Since becoming interested in meditation several years ago, I've been following the increasing amount of scientific attention devoted to it in recent times. Researchers have concluded that meditation 'grows' and 'charges' the brain, and that long-term meditators have a higher life-expectancy and have displayed "the highest activity in the brain centers associated with positive emotions that had ever been measured".

In the interest of balance, meanwhile, King Missile provide the counterpoint with their song 'Meditation is Boring'. And very occasionally I'd be inclined to agree with them on that, although I think it is more frustration than ennui that arises on a bad day.

Nestled amongst a group of arid hills sits the Dhammathali Vipassana centre (one in a global network of centres; details at http://www.dhamma.org/), right next to a small ashram of self-described crazy monks, itself unrelated to the centre. At the end of the same road, a kilometre distant is the Galta Temple (also known as the Monkey Temple for its simian residents). I found out only two days prior that there was a centre in the area, and now I am at its gates.

The compound that is to be my home for the next 3 weeks is brimming with life; hundreds of pigeons feeding take flight as I pass and I feel the down-draught of so many wings. Dozens of peacocks nestle high in the trees and I am astonished to see these great birds also take flight. Cows graze and meander.
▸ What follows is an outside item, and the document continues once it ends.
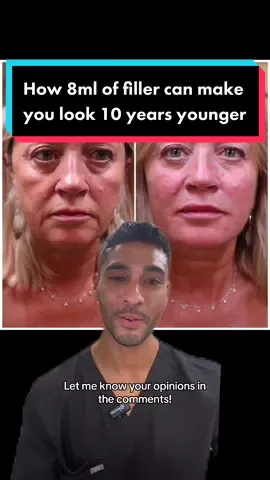 This is how 8ml of filler can make you look 10 years younger #filler #antiageing #10yearsyounger #fillertok #antiaging #drdevine #beforeandafter #beforeandafterfiller #fillerpackage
The staff welcome me, and after registering and depositing my luggage in my room, I am required to leave my valuables, gadgets/distractions and reading/writing materials in a vault. This first day is relaxed and I meet some other fellow meditators, including several others who have come from Europe. In the evening the 120 or so meditators enter the largest Dhamma hall to be instructed in Anapanna 'Awareness of Breathing' meditation.

There is a widely-held misconception that meditation means emptying the mind of all thought by effort of will, which is probably impossible. Actually, in a nutshell the idea is simply to sit and keep your awareness on some aspect of your experience until a state of deep concentration results. This is similar enough to Zazen, which I've practised sporadically over the last several years.
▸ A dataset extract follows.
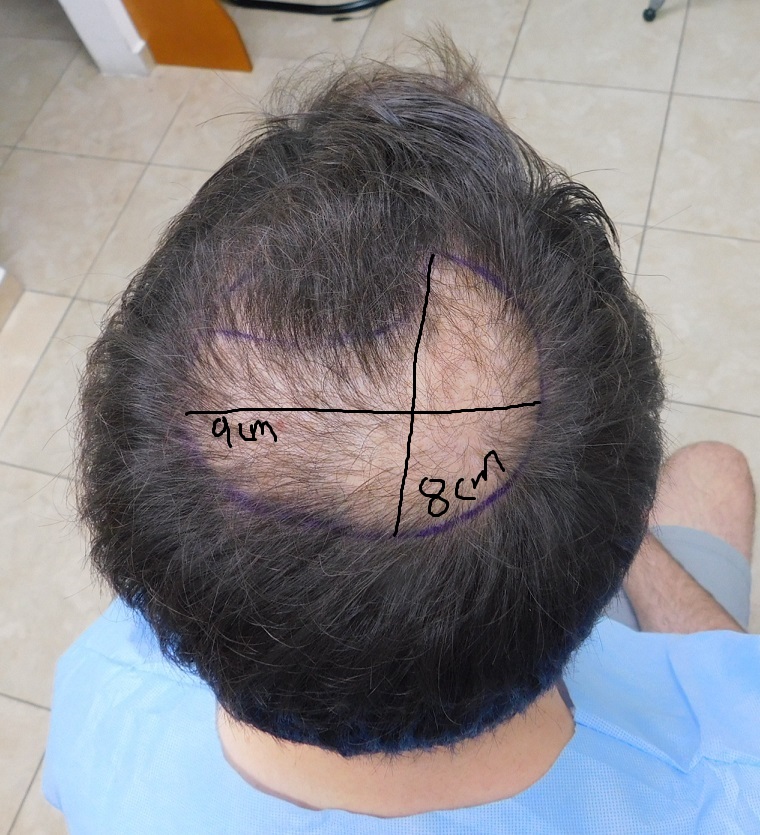 1. Before.JPG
Conscious of the next day's early start, most go directly to bed at 9 p.m.

The gentle reverberations of a great bell tug me from my dreams at 4 a.m. on the first day of meditation; the first day of Noble Silence. Handbells approach, pass and fade before returning again. I wash with a bucket of cold water in my bathroom and then settle down to meditate in my chamber. After 2 hours the bell sounds again for breakfast, and as I queue with the others in the male canteen. I am pleased to find porridge, bananas and hot massala chai on offer.

After breakfast is a 3 hour block of meditation, with a 5 minute break in the middle, more sitting than I am accustomed to, and it drags a bit. Lunch, the last substantial meal of the day, is traditional Indian vegetarian fare, and I over-indulge before taking a nap in my room to be awakened by the bell at 1 p.m. for the afternoon's 4 hours of meditation, again with intervals between the 3 sessions.

As a bit of a stimulation junkie (thank you, Internets!) I find it difficult to keep my attention on such a vague and normally ignored sensation as the passage of air through my nostrils. I find that the effort to do so is worthwhile though, as I have moments, then seconds and later on even minutes of undisturbed concentration. The alternative for me (besides sleeping) when the meditation just isn't happening, is an unsufferable agitated boredom, although even this seems to lessen as the course goes on.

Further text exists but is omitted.